The Statistics and The Word

For someone who has always had trouble with words, knowing my computer has had the same trouble is a great relief. English is a confusing language, the rules bend and break depending on the context. It’s hard enough for people to learn language context for what they are learning, a computer, which arguably doesn’t understand the semantic meaning of the word, has to suggest and predict based on the rules we give it and what has happened before.

How does this work? Why are google docs becoming so good a guessing the next word in your sentence? The answer is statistics.

As we write, information is flowing out of our fingertips coming to what we expect to be the eventual end of a sentence.  Each sentence has some meaning which comes in a usually predictable way.  (Subject – Predicate is how I learned it.) That means that as I sentence off there should be certain elements of the prose which are more understandable each step I take. We do this all the time when we can guess what will come at the end of a talk, or guess what someone is likely to say next. It’s because computers, like us, build a repertoire of already constructed sentences that allows us to get a good idea of what is likely to come next. The computer builds models based on millions of lines of texts, evaluating each and every way these words have been constructed, taking into account what has already been written, and then generating a suggestion that has the highest likelihood of being correct.

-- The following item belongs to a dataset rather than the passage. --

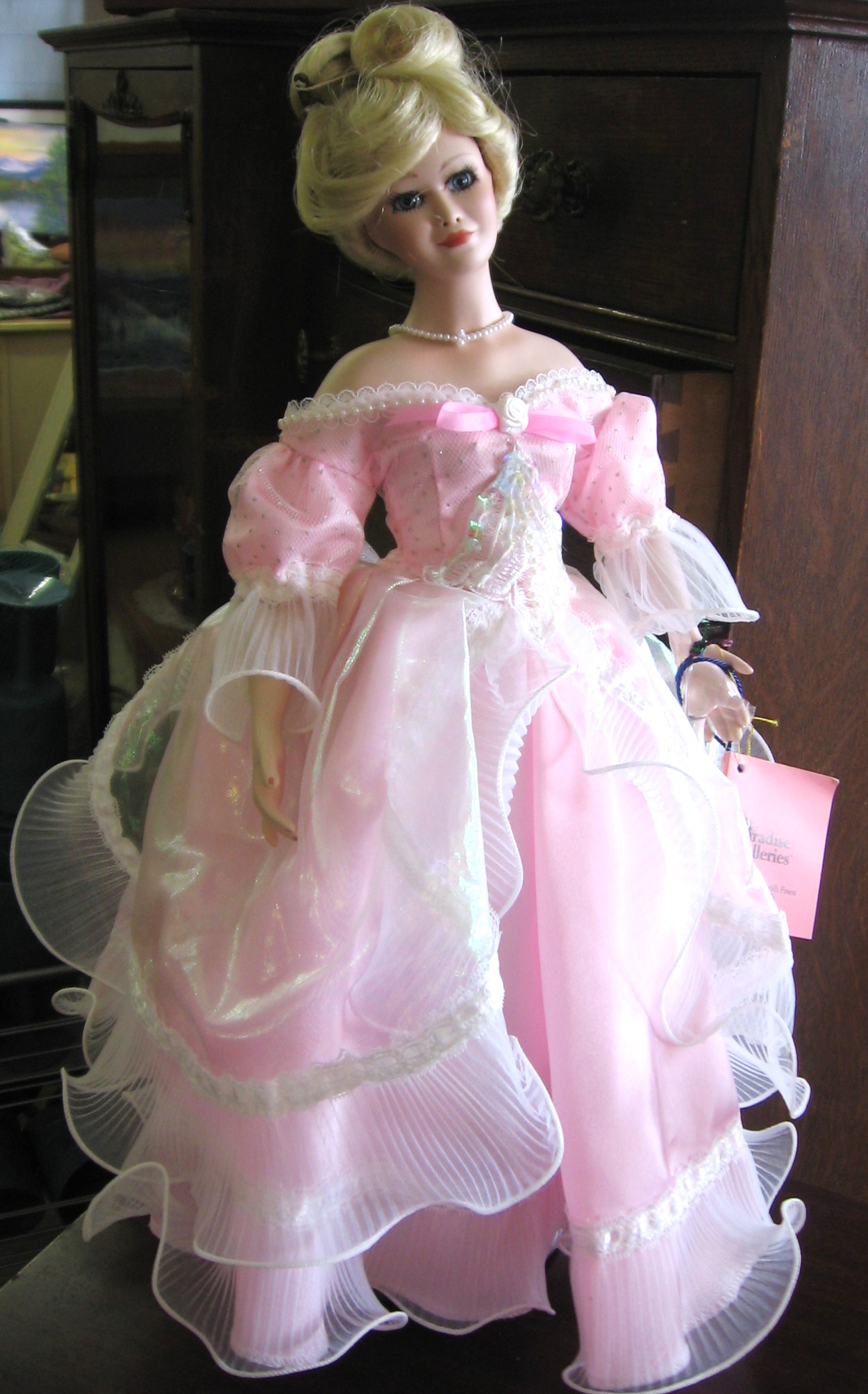 the doll is wearing a dress that matches her shoes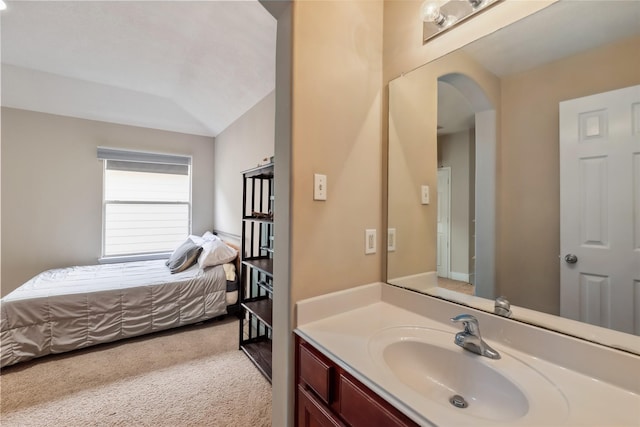 3318 Legends Mist Dr, Spring, TX 77386 - ensuite bathroom with vanity and vaulted ceiling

We can see this in action with google docs, as we are writing it makes in the moment suggestions as to what will come next. This does two-fold. First, this is training the model for the language we expect it to use in real-time. If I choose to write what the AI suggests then it knows it was correct in its choice in how the sentence was structured and choosing the right model for the future. Second, it shoehorns the user into using more predictable language which then the AI can better predict. The more language the AI knows, and the more it knows how you write, the better it is as predicting how you will compose a document.

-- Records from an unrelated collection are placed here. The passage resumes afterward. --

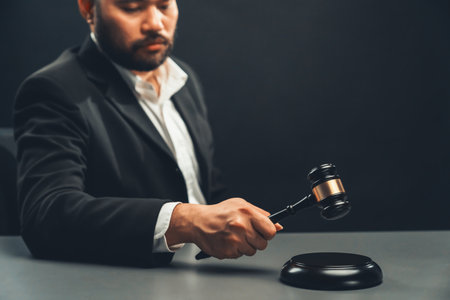Focus wooden gavel hammer with burred lawyer in black suit holding gavel in background on his desk, symbol of legal justice and integrity, balanced and ethical decision in court of law equilityの写真素材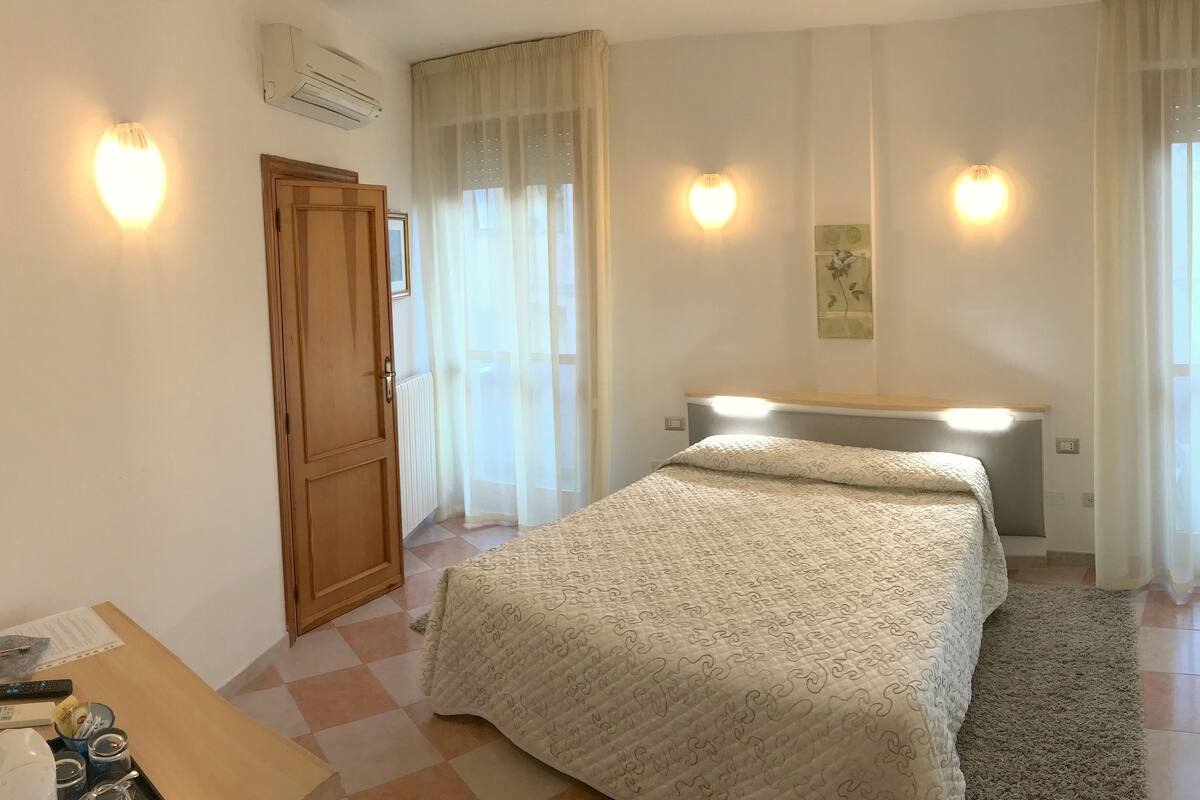 Une chambre à coucher avec un lit, un bureau et une chaise. On y trouve une porte, un radiateur et une fenêtre avec des rideaux.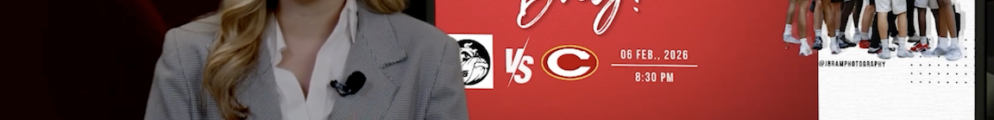 Sports journalist stands in front of a screen with game day logo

Writing is an arduous task, to do it well takes a tremendous amount of effort and time. I imagine as these AI advances writing will become easier, to the point where all we will need to do is give the AI the subject of our writing and the context of why it’s being written and the AI will be able to give us a decent first draft.

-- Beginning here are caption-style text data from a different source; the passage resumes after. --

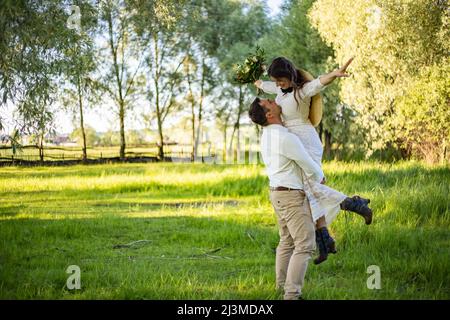 Mariage. Une paire d'amoureux dans une forêt de pins. La mariée et le marié dansent, l'homme a pris la femme. Il la pointe. Banque D'Images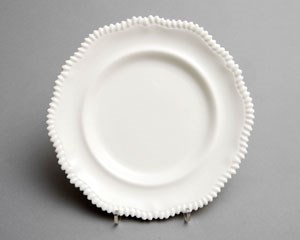 White porcelain dinner plate with raised scalloped edge.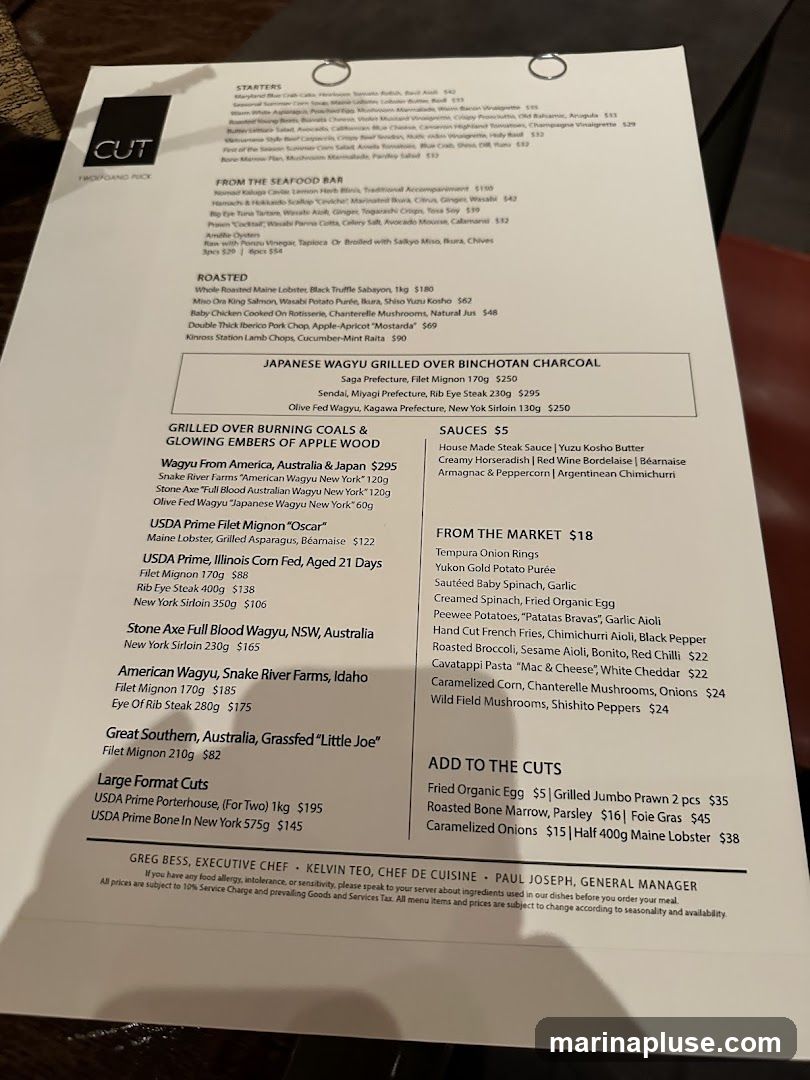 Menu from CUT by Wolfgang Puck. Features starters, seafood, roasted dishes, Japanese Wagyu, and various cuts of steak.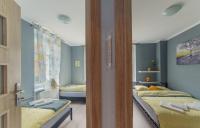 Posteľ alebo postele v izbe v ubytovaní Apartament Grosik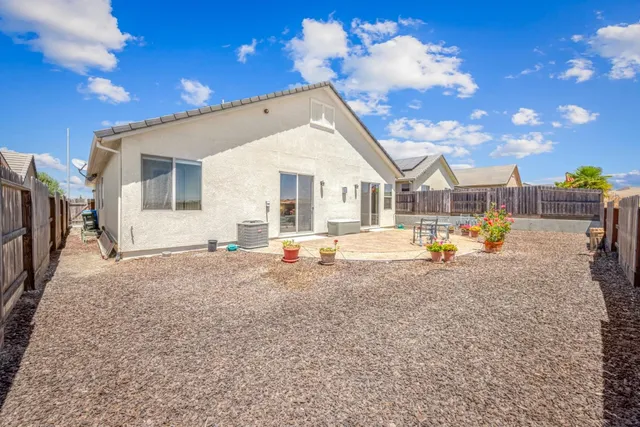 a view of an house with backyard space and balcony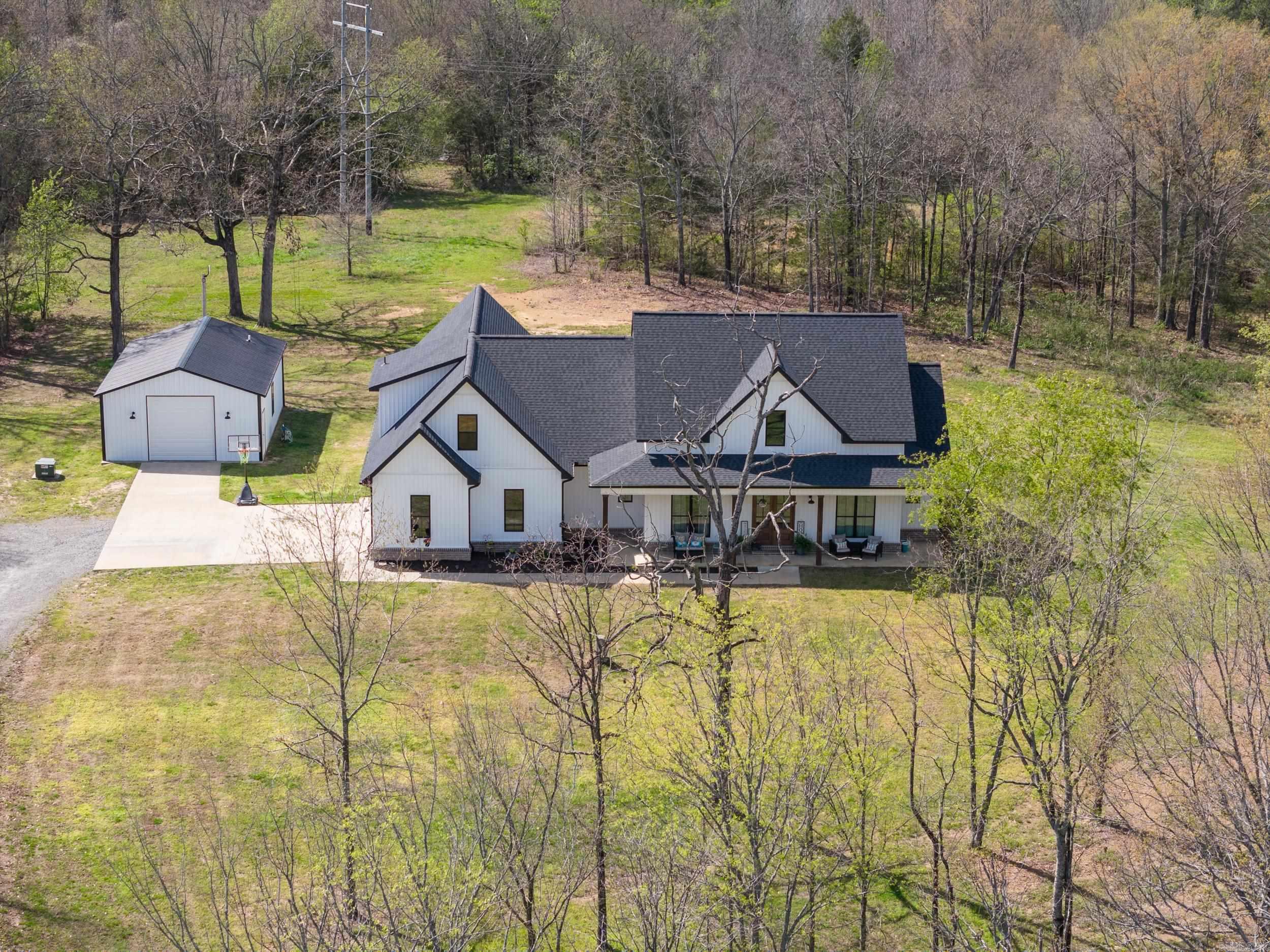 Back on the market NO FAULT OF THE SELLERS! No inspection has been completed yet. Beautiful custom-built home on 8.4 acres was built in 2020. This 2961 sq ft, open concept floor plan has 4br or 3br/office plus an upstairs bonus that could serve as an additional 5th bedroom, 3 full baths, and a large 2-car garage. A kitchen that's a Che'f dream, with a large granite island breakfast bar, and a walk-in pantry with ample cabinetry. Enjoy meals in the eat-in kitchen area or entertain guests in the separate dining room. Stunning primary bath features shiplap walls, soaker tub, glass walk-in shower, vanity space with custom cabinetry and giant master closet with built-ins. Luxury vinyl flooring throughout that is scratch-proof and easy to maintain. Back porch has tongue and groove wood vaulted ceiling. Includes a 24'x36' FULLY INSULATED SHOP, complete with plumbing and electric, includes a bathroom with shower, washer/dryer/refrigerator hookups. There is nothing else like it on the market currently! Schedule a tour today!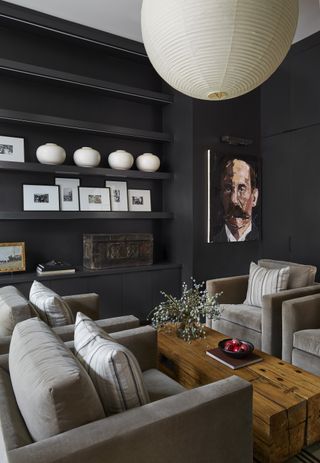 dark living room with paper pendant light, display shelves, four armchairs around a timber coffee table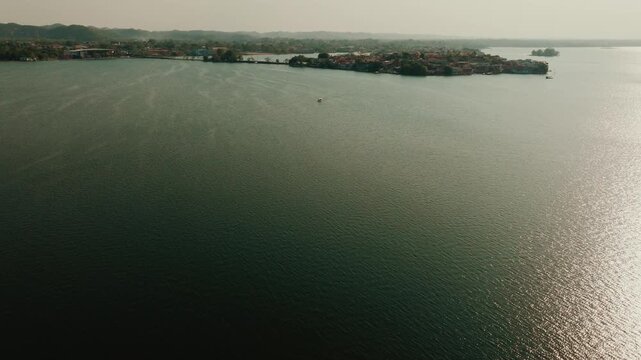 Aerial view of Flores Island in Lake Peten Itza, featuring historic buildings and lush greenery surrounded by the calm waters of the lake in Flores, Peten Department, Guatemala.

Statistical probabilities are an interesting thing, as models get better we (people) become more predictable. This lends itself an eerie feeling that someone knows what we will do. Though this is a topic for another time, the predictability of how you write and speak is critical to how systems work. The only way AI can write is because what we write, and perhaps how we think, comes in a predictable way. Think about that next time you decide to compose a document, whether your writing foreshadows what is to come next.  For now, we can start to rely on machines for that next step.